The location of each unit is clearly mapped at Security Services so they know exactly where the activated unit is located. Even if after touching the red button, the person is unable to speak, Security Services will send someone out to that spot.
The black button is to request a goSAFE walking escort through York’s goSAFE program.
The safety phones are clearly labelled and are typically on every floor of most York buildings, usually in an obvious spot, such as the building’s lobby, near an elevator or in a main corridor. “They are located where there is high pedestrian traffic flow and would be clearly visible,” says Mayol, who hopes to install safety phones in some of the more secluded areas in the future.
“I hope they never get used for emergencies, but it’s good that the infrastructure is there,” says Mayol.

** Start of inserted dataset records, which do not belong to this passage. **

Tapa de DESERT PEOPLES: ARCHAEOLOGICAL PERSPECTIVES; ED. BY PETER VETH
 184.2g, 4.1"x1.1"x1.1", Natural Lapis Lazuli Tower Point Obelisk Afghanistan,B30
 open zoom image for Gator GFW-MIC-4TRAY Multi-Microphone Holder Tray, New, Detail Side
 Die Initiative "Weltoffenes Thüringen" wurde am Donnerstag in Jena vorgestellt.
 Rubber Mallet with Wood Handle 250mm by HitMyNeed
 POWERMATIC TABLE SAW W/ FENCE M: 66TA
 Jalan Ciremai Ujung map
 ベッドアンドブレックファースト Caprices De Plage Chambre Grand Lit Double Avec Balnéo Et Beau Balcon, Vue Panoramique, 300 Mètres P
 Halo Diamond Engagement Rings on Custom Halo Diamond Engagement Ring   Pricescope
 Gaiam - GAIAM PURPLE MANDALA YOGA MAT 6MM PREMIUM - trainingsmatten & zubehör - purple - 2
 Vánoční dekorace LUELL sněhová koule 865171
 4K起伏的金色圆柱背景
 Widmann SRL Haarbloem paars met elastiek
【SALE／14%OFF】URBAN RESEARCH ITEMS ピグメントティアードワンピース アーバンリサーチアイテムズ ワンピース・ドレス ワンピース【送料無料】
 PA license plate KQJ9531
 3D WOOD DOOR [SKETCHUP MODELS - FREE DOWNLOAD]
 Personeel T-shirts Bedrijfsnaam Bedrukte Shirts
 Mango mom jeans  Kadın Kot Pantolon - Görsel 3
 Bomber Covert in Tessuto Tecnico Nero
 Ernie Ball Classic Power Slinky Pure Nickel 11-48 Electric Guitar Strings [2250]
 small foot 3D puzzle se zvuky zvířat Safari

It’s all part of York’s integrated Emergency Preparedness Program.
In addition, some 60 safety phones, which look like regular phones, were installed in classrooms and lecture halls with a seating capacity greater than 75. These phones also have two direct lines, one is to Security Services and the other is to the Instructional Technology Centre for when professors are having difficulties with audio-visual equipment.
The project, which was some 18 months in the making, is now up and running. The next step will be to improve the infrastructure for the exterior blue light emergency phones around campus, says Mayol.
“Our efforts speak to York’s commitment to campus safety, emergency preparedness and response.”